U.S. Secretary of State Marco Rubio went further in his public criticism of Brazil’s left-wing government, saying on social media platform X that the administration of President Luiz Inacio Lula da Silva “has not negotiated with the US in good faith.” Rubio added that “Lula has put his own ego ahead of making a deal for the welfare of the Brazilian people, and these tariffs are the price for that.” A senior anonymous U.S. official rejected widespread claims that the Section 301 investigation and resulting tariff are being used for political purposes, noting that the door for diplomatic resolution remains open even after the announcement. While the administration says it does not anticipate retaliatory action from Brazil, it has explicitly warned that any reciprocal measures would be met with additional U.S. countertariffs.
Brazil swiftly pushed back against the U.S. announcement on Thursday, with Lula’s office issuing a sharp statement rejecting the tariffs and promising reciprocal countermeasures in response. “There is no justification for unilateral measures against our country,” the statement read. Brazilian officials have repeatedly dismissed all U.S. allegations of unfair trade practices as unfounded and absurd, rejecting the core findings of the year-long American investigation.

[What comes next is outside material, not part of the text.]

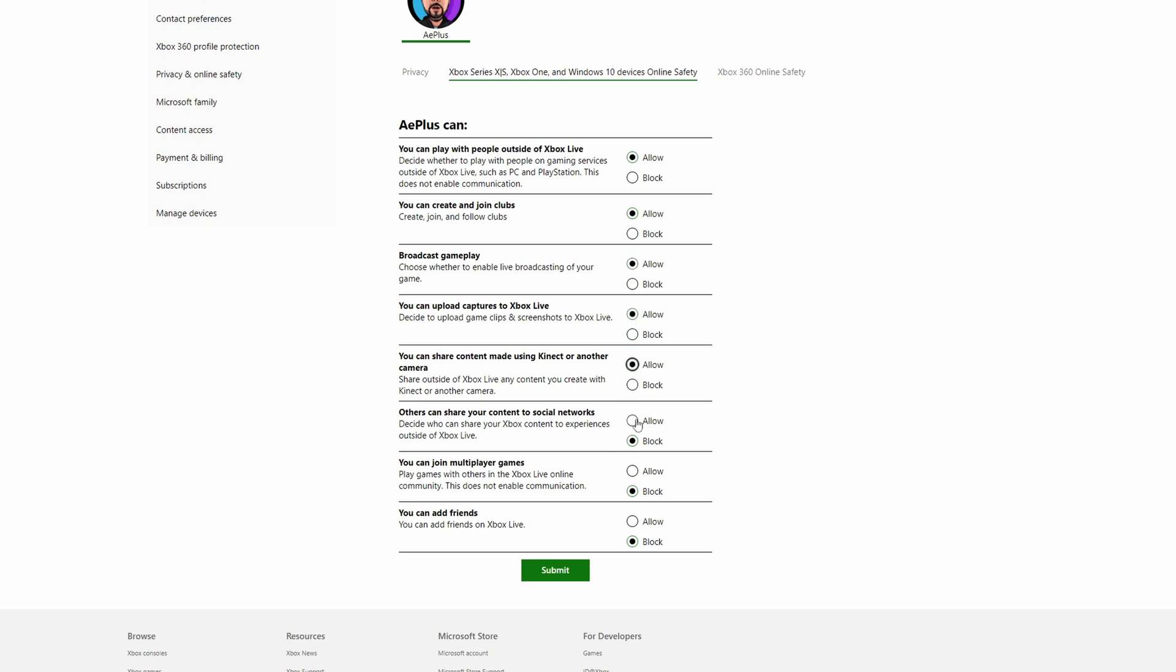But the most important ones are right here underneath. You can join multiplayer games, play games with others in Xbox Live Online community. Click into allow and into add friends.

The tariff announcement also intersects with Brazil’s upcoming presidential election scheduled for October, where Lula, the incumbent left-wing leader, is locked in a tight race with right-wing challenger Flavio Bolsonaro, eldest son of former Brazilian president Jair Bolsonaro. Earlier this month, Flavio Bolsonaro spoke at a public hearing hosted by the U.S. Trade Representative’s office in Washington, where he urged American officials not to impose the new tariffs. Bolsonaro argued that the duties would politically benefit his rival Lula ahead of the election. This is not the first time trade tensions have flared between the two countries during this Trump administration term: last year, the White House imposed steep tariffs on Brazilian goods in response to the coup trial against Jair Bolsonaro, who is currently serving a 27-year prison sentence for his role in the 2022 Brazilian Capitol attacks. Most of those earlier tariffs were rolled back after bilateral negotiations between the two governments.